Legends of the Fall Tourist Season...
A generally reliable poster related a new version of an "urban legend" (the misdirected corpse -- in which a family receives not their loved one, but a black man with a cigar) as "gospel truth" below. Those kinds of stories have always existed (the poster found it on Yahoo.com -- I heard the same story, complete with the "black man with a cigar" -- years ago in the U.S. midwest). But that post, and the one from the person who believes there is only one telephone in Real de Catorce, intrigue me. What other folk beliefs and legends still circulate among tourists in Mexico?
The "myth of blonde beauties" is probably the oldest, and still circulates. The Spanish justified their supramacy partly by creating a blond Quetzcoatl in their retelling of pre-conquest tales. The credulous, and not very bright, Maxmillian von Hapsburg's belief in that tale only proves that there are, indeed, "dumb blondes". Portfirio Diaz humorously defended his police-state by claiming a blonde could walk unmolested from Matamoros to Tapachula in her underware.
Tales of danger, and near-death experiences are still popular. Some of these may have some factual basis (any country with a high rate of youth unemployment is going to have a high crime rate), but I suspect most are folklore. How many tourists wear diamond necklaces and carry a fortune in cash anyway? The people kidnapped and robbed while riding in taxis are usually small merchants known to carry cash, or wealthy (or perceived to be wealthy) Mexicans that can raise immediate cash from their family.

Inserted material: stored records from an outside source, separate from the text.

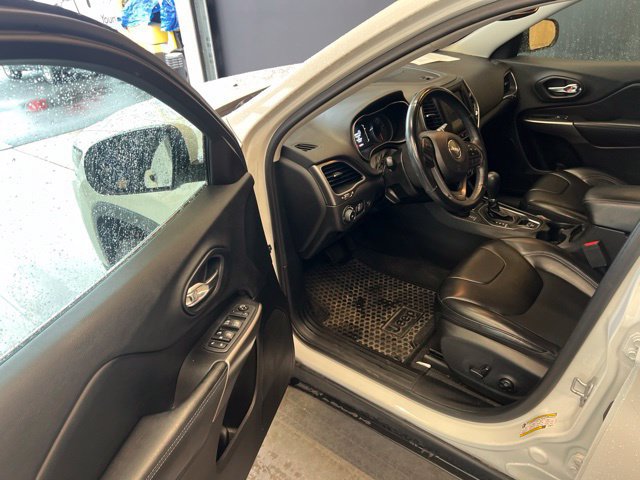 Used 2020 Jeep Cherokee Latitude Plus w/ Cold Weather Group AWD/4WD image 14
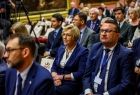 Konferencja naukowa pod tytułem "Tysiąclecie suwerenności Polski", która odbyła się 25 kwietnia w krakowskich Sukiennicach. Stanowiła ona część obchodów jubileuszu Tysiąclecia Królestwa Polskiego.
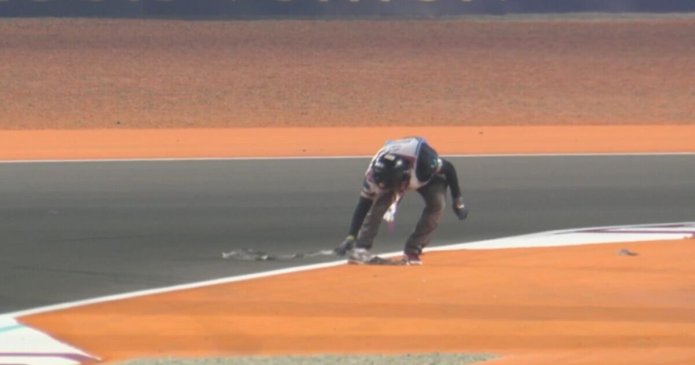 Sky F1 pundit flips out at 'outrageous' red flag as car damaged by a sticker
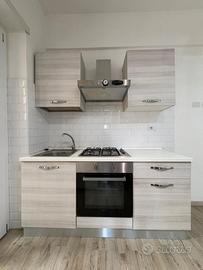 Cucina con forno e cappa + Frigorifero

I've yet to actually meet the tourist who had this experience. Violence against foreigners is generally front-page, top of the hour news. This includes more or less "accidental" violence. When a tourist was wounded in Chiapas last year, it was major news here. The tourist happened to be Canadian -- the Canada Post and this forum were a goldmine of rumors and legends regarding police misconduct, Zapatista-inspired anti-foreign violence, and primative medical facilities. Never mind that the Federal Prosecutor and local police found the shooter within a few hours (he was a disguntled hotel employee with a gun and bad eyesight) or that the hospital was fully qualified and neither the victim, his partner (housed by the local hospital administrator until the consulate could arrange emergency housing), nor the Canadian Embassay had anything but praise for the local administration, nor that the near-sighted shooter had no political connections -- a good story is a good story.
Fiction, whether in the Canada Post, yahoo.com, or elsewhere, has a shadowy afterlife among Mexican visitors. Don Juan crossed the border and is working in construction in Lake Wobegone, Minnesota, now, but Carlos Castenada's novels are believed to reflect modern reality by some. The Peruvian novelist published his books as non-fiction (I'm old enough to remember reading them in a University anthopology class), but even the altered realities of Richard Brautigan, William S. Burroughs, Jack Keroac and Malcolm Lowery take on some credence as, uh -- dry -- reportage by some visitors. Hollywood, as far back as Raoul Walsh's faked footage of Pancho Villa's campaigns, has been creating a Mexican mythology of its own. Witness the sudden popularity of Real de Catorce after "The Mexican" was released. That one telephone has been awfully busy ever since!
There's nothing wrong with travel myths, for the most part. The Greek tourism industry has prospered for the last few millenia, thanks to the Iliad and Odessey. But, from gay villages in Oaxaca to rat-meat tacos; thrill-kill cults along the border to Indigenous wise-women; toilet paper (or the supposed dearth thereof) to donkeys in Tijuana, this country's 21st century travel myths -- good, bad, ugly and just plain bone-headed -- beat the Greeks hands down. So you regular posters, and especially you Mexican residents. . . what good travel tales have you heard lately?
Another refugee from the Bushista coup!